Processes for producing metal parts from ferrous powders using powder metallurgy (P/M) techniques are well known. Such techniques typically involve mixing of ferrous powders with alloying components such as graphite, copper or nickel in powder form, filling the die with the powder mixture, compacting and shaping of the compact by the application of pressure, and ejecting the compact from the die. The compact is then sintered wherein metallurgical bonds are developed by mass transfer under the influence of heat. The presence of an alloying element enhances the strength and other mechanical properties in the sintered part compared to the ferrous powders alone. When necessary, secondary operations such as sizing, coining, repressing, impregnation, infiltration, machining, joining, etc. are performed on the P/M part.
It is common practice to use a lubricant for the compaction of ferrous powders. It is required mainly to reduce the friction between metal powders and die walls. By ensuring a good transfer of the compacting force during the compaction stage, it improves the uniformity of densification throughout the part. Besides, it also lowers the force required to remove the compact from the die, thus minimizing die wear and yielding parts with good surface finish.
The lubricant can be admixed with the ferrous powders or sprayed onto the die walls before the compaction. Die-wall lubrication is known to give rise to compacts with high green strength. Indeed, die-wall lubrication enables mechanical anchoring and metallurgical bonding between particles during compaction. However, die-wall lubrication increases the compaction cycle time, leads to less uniform densification and is not applicable to complex shapes. Therefore, in practice, the lubricant is most often admixed to the ferrous powders. The amount of lubricant is function of the application. Its content should be sufficient to minimize the friction forces at the die walls during the compaction and ejection of the parts. The amount of lubricant should, however, be kept as low as possible in the case of applications requiring high density level.

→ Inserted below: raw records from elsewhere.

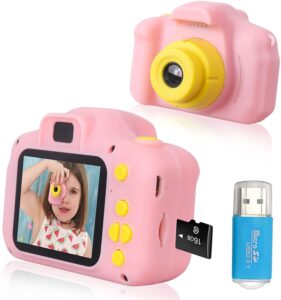 Rindol Child Camera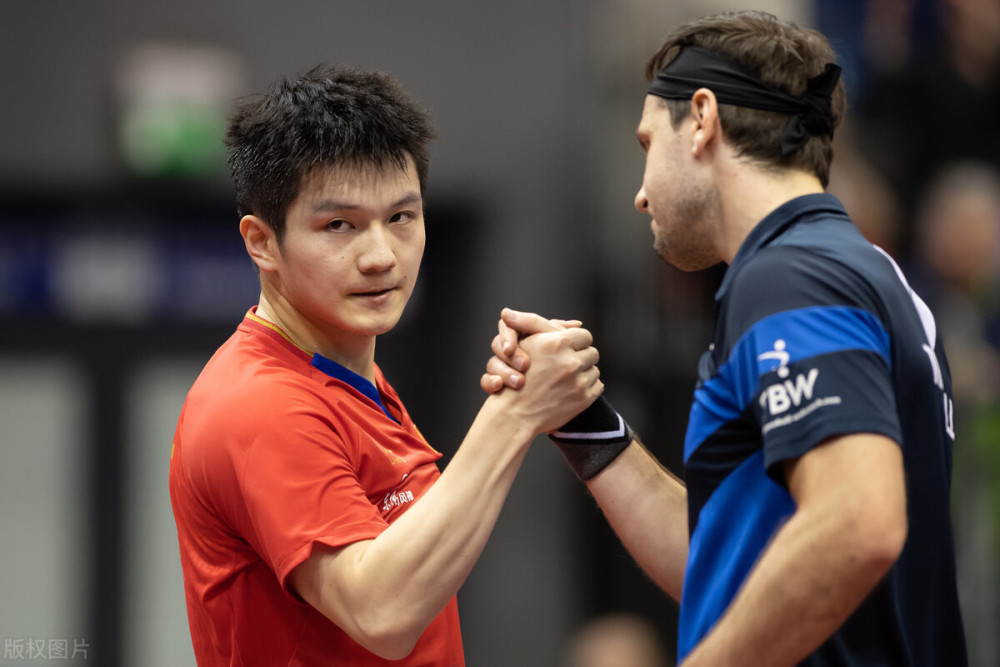 pg电子模拟器-关于瑞典队力克德国队，梁靖崑带队取胜的信息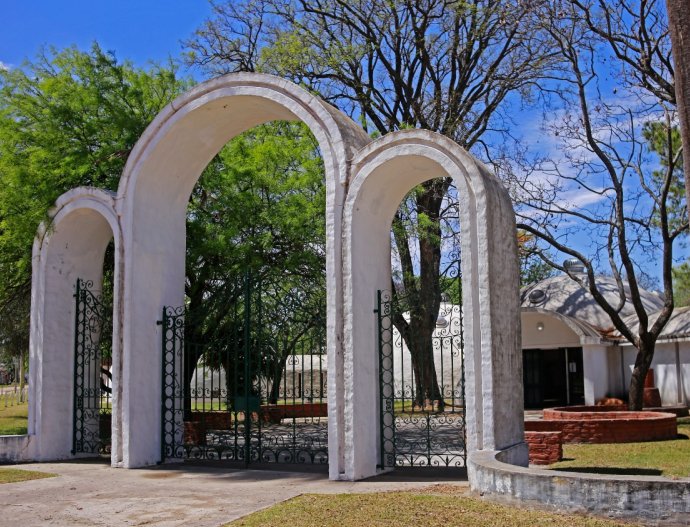 Avanza la refuncionalización del Museo Regional Morteros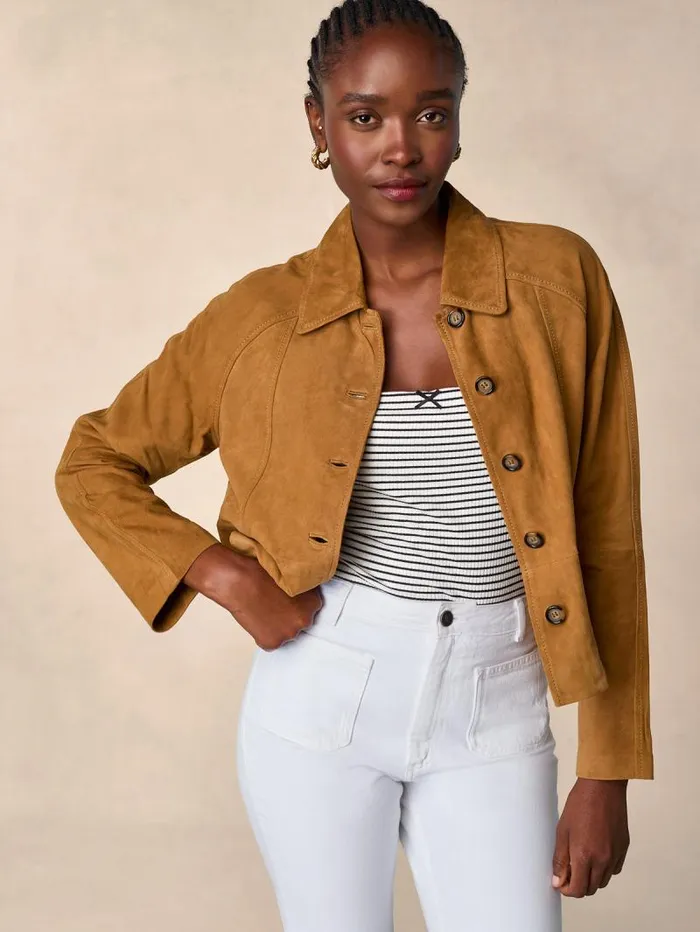 Rouje Denim Women Belleville Jeans Uni Blanc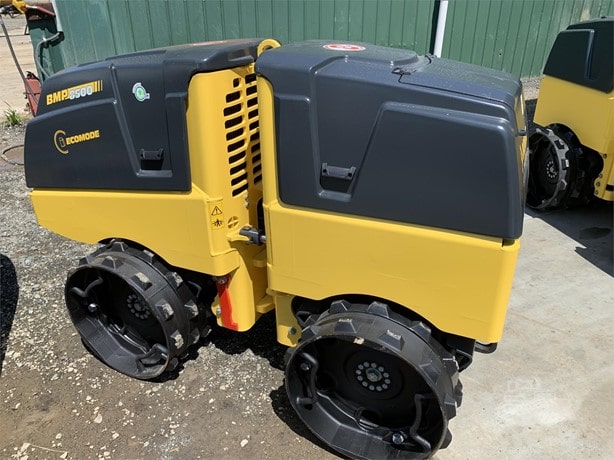 2020 Bomag BMP8500 Road - Compactor - Walk for sale — view 3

On the other hand, admixed lubricant most often reduces the strength of the green compact by forming a lubricant film between the metal particles which limits microwelding. When complex parts or parts with thin walls are to be produced, as well as when green parts have to be machined, parts with a high green strength are required. There is thus a need for a lubricant that would enable the manufacture of high green strength parts.
While cold compaction (at room temperature or rather 50-70.degree. C. in industrial conditions) is used most often, warm compaction (at temperatures up to 150.degree. C.-180.degree. C.) is also used when parts with high density are required. Indeed, warm compaction takes advantage of the fact that a moderate increase in the temperature of compaction lowers the yield strength of iron and steel particles and increases their malleability, leading to an increase of density for a given applied pressure.
However, the temperature used in warm compaction may affect the properties of the admixed lubricant and therefore affect the lubrication behavior during the compaction and ejection stages. Effectively, most of lubricants that are suitable for cold compaction cannot be used for warm compaction as this would cause increased die wear and produce parts with bad surface finish.
Conventional lubricants used in cold compaction include metallic stearates as zinc stearate or lithium stearate, or synthetic amide waxes as N,N'-ethylenebis(stearamide) or mixtures of metallic stearates and/or synthetic amide waxes. Polyethylene waxes, like CERACER 640, commercially available from Shamrock Technologies, have also been suggested as lubricants for cold compaction, but little literature exists on the use of this type of lubricant. Like synthetic amide waxes, polyethylene waxes have the advantage to decompose cleanly so that compacted parts are left free from residuals after the sintering operation. Shamrock Technologies report the use of their polyethylene wax lubricants to improve the green strength of metallic or ceramic bodies. On the other hand, Klemm et al., Adv.Powder Metall. & Particulate Matter., Vol. 2, 51-61 (1993), report in a study evaluating various P/M lubricants that the polyethylene wax tested lead to such a bad lubrication during the ejection of parts (high level of stick-slip), that they had to reject the idea to use this type of lubricant.
Accordingly, there is a need for an improved lubricant that would afford excellent lubrication in the course of both cold compaction and warm compaction of ferrous powders, and would enable the manufacture of parts having high green strength by cold compaction and having significantly higher density and green strength by warm compaction.